#### Supplied records
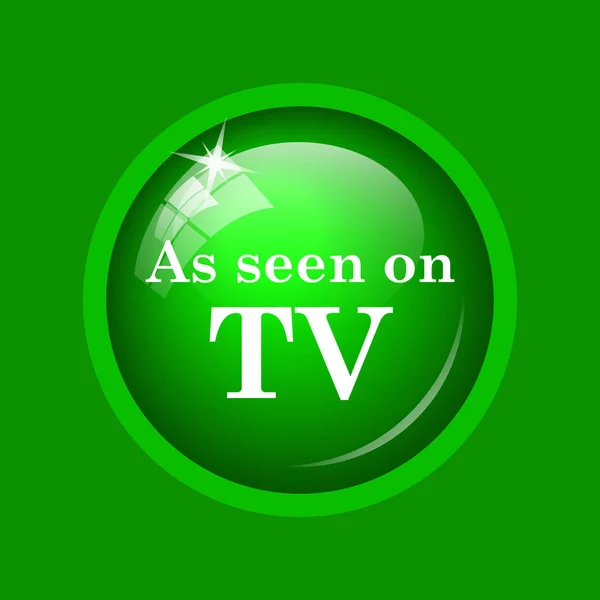 Como Icono Televisión Botón Internet Sobre Fondo Verde — Foto de Stock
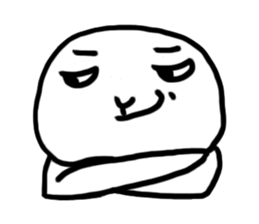 The fat white sticker #7819025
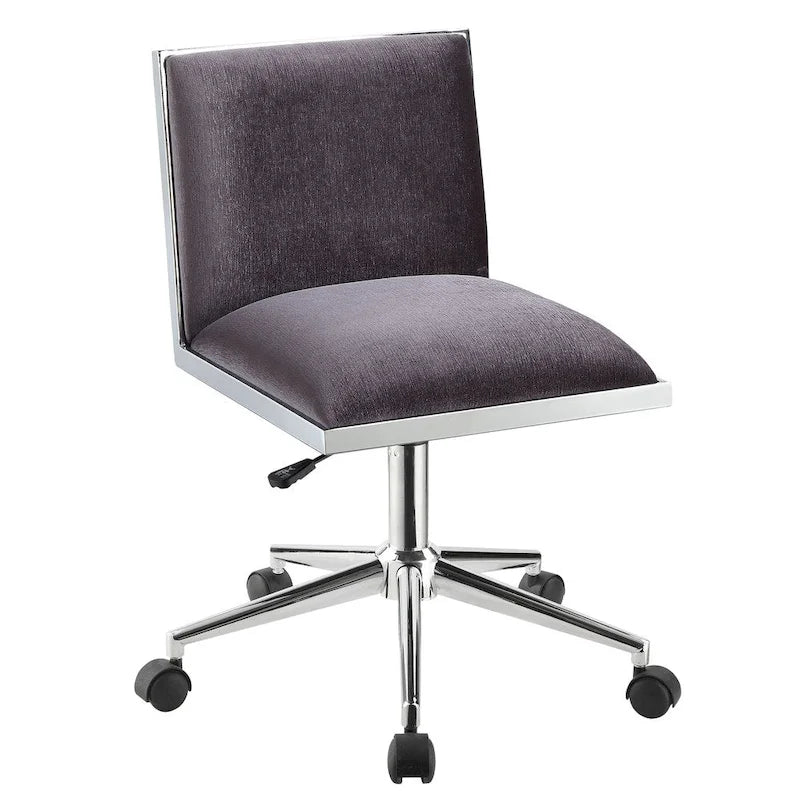 Chaise de bureau contemporaine en tissu à hauteur réglable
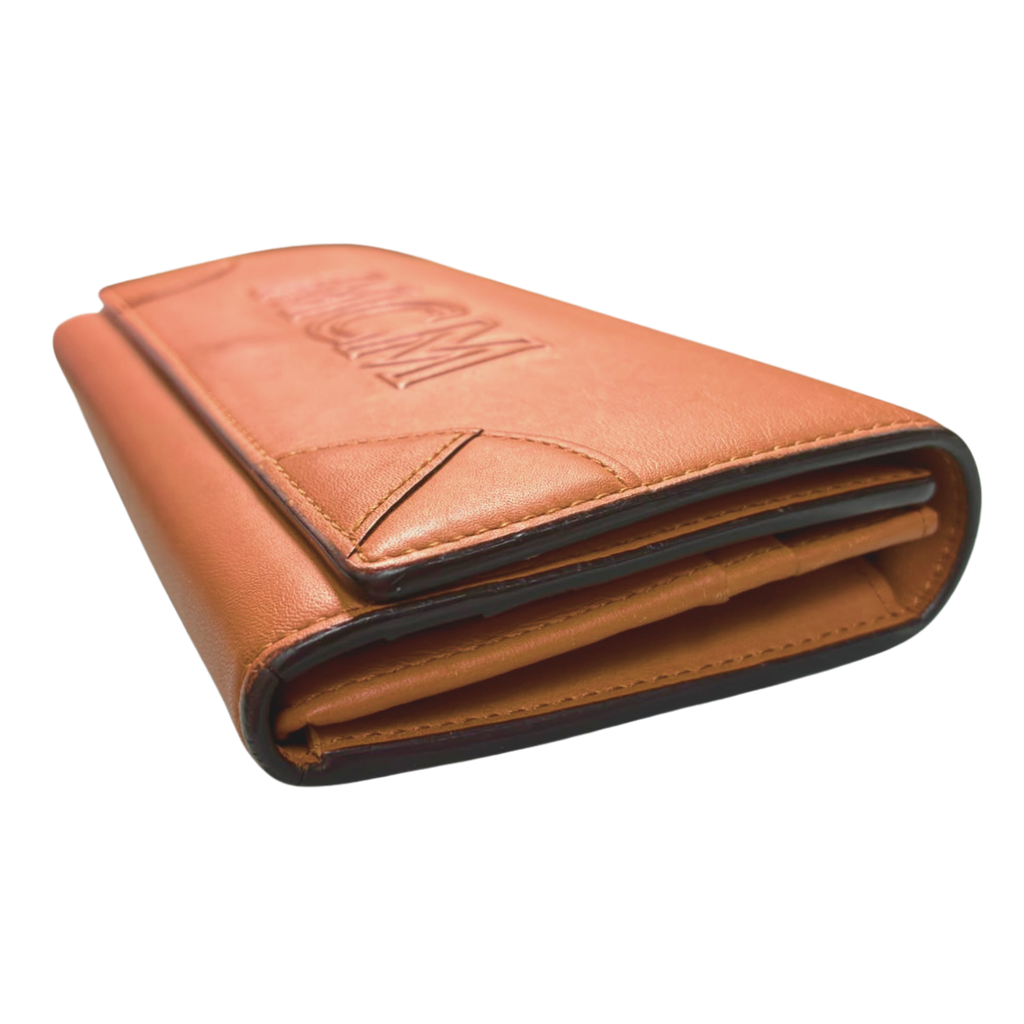 MCM Aren Large Logo Continental Flap Wallet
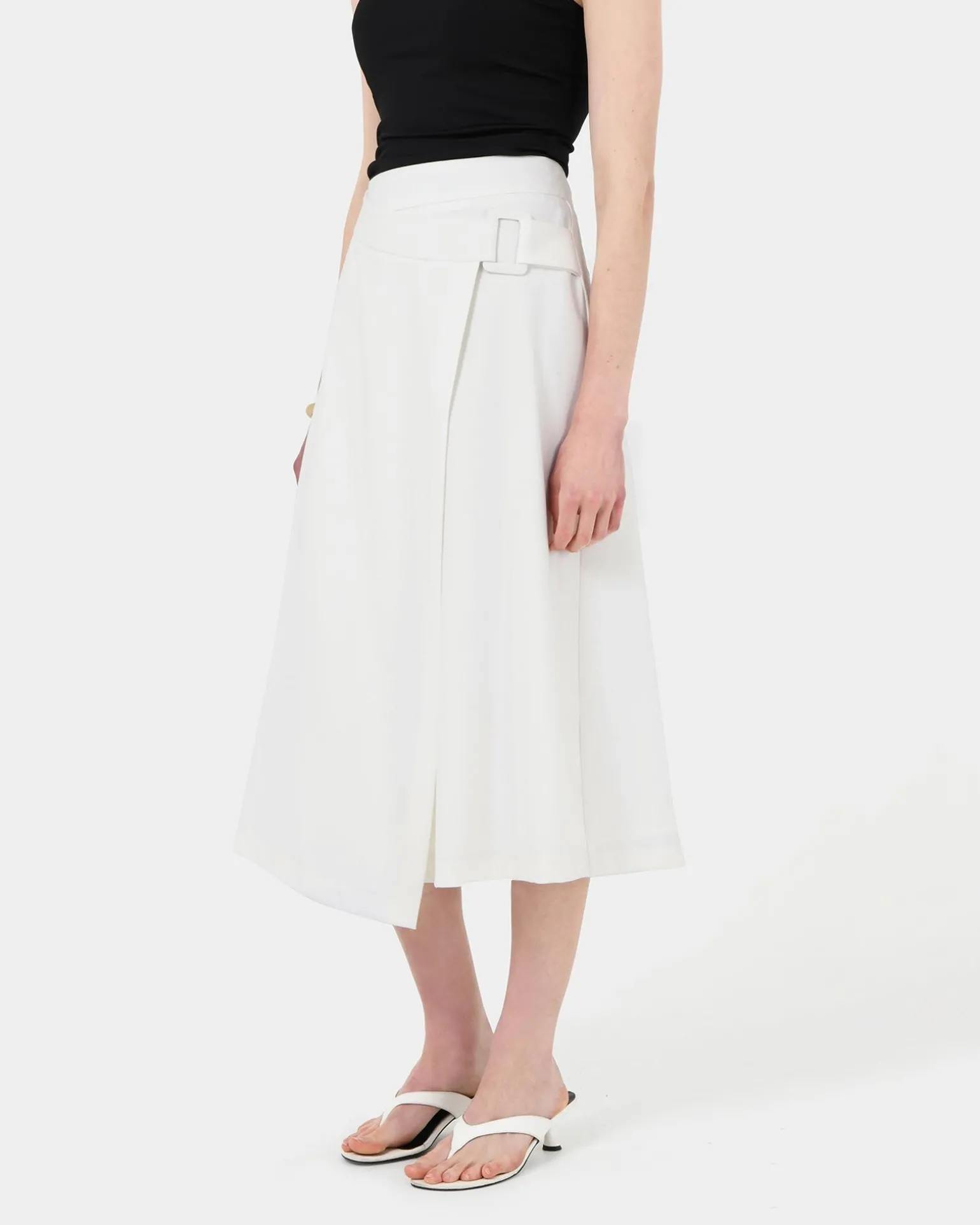 Sofia Wrap Midi Skirt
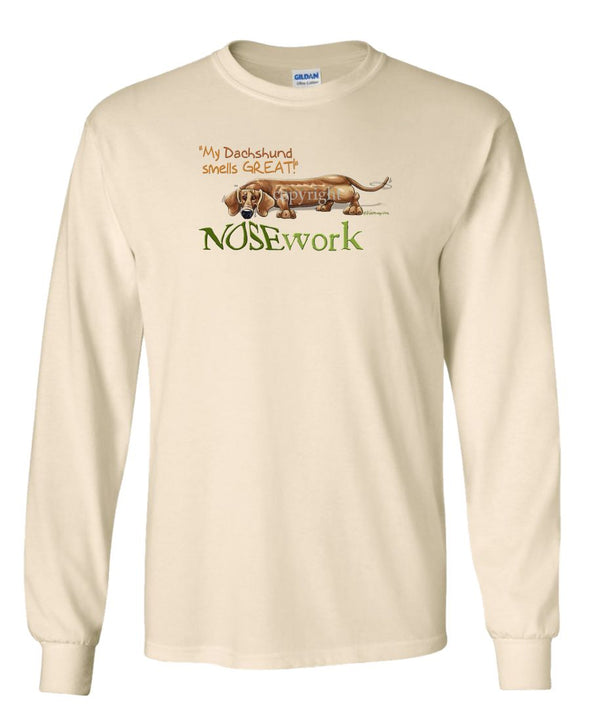 Dachshund - Nosework - Long Sleeve T-Shirt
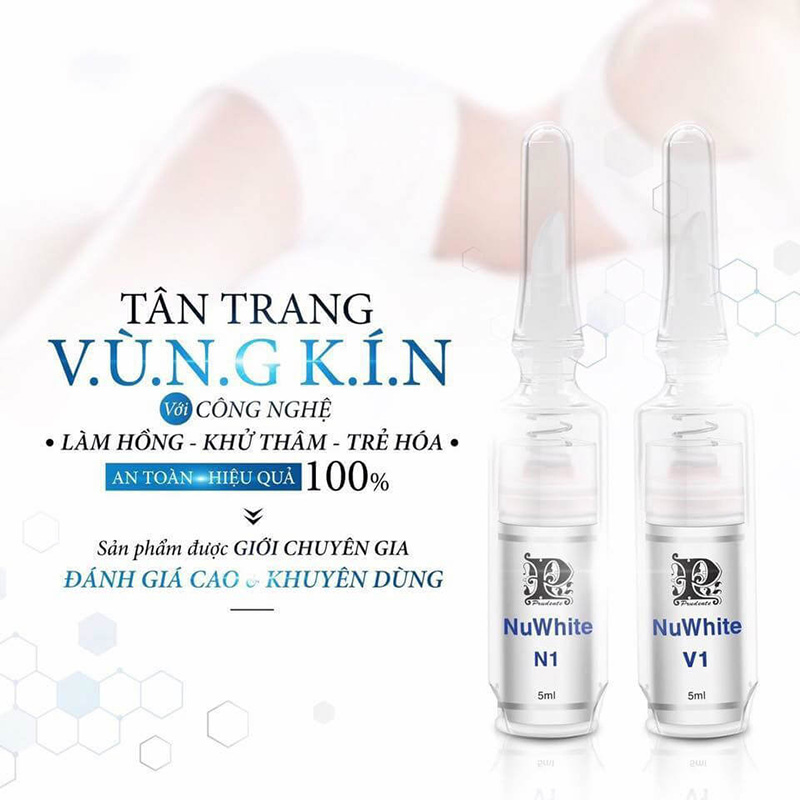 Hình ảnh minh họa củaKem làm hồng vùng kín Nuwhite V1 Mibiti Prudente 5ml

#### How to complete this task
Exactly repeat the data above; the pictures do not belong in your copy.

#### Solution below
 Como Icono Televisión Botón Internet Sobre Fondo Verde — Foto de Stock
 The fat white sticker #7819025
 Chaise de bureau contemporaine en tissu à hauteur réglable
 MCM Aren Large Logo Continental Flap Wallet
 Sofia Wrap Midi Skirt
 Dachshund - Nosework - Long Sleeve T-Shirt
 Hình ảnh minh họa củaKem làm hồng vùng kín Nuwhite V1 Mibiti Prudente 5ml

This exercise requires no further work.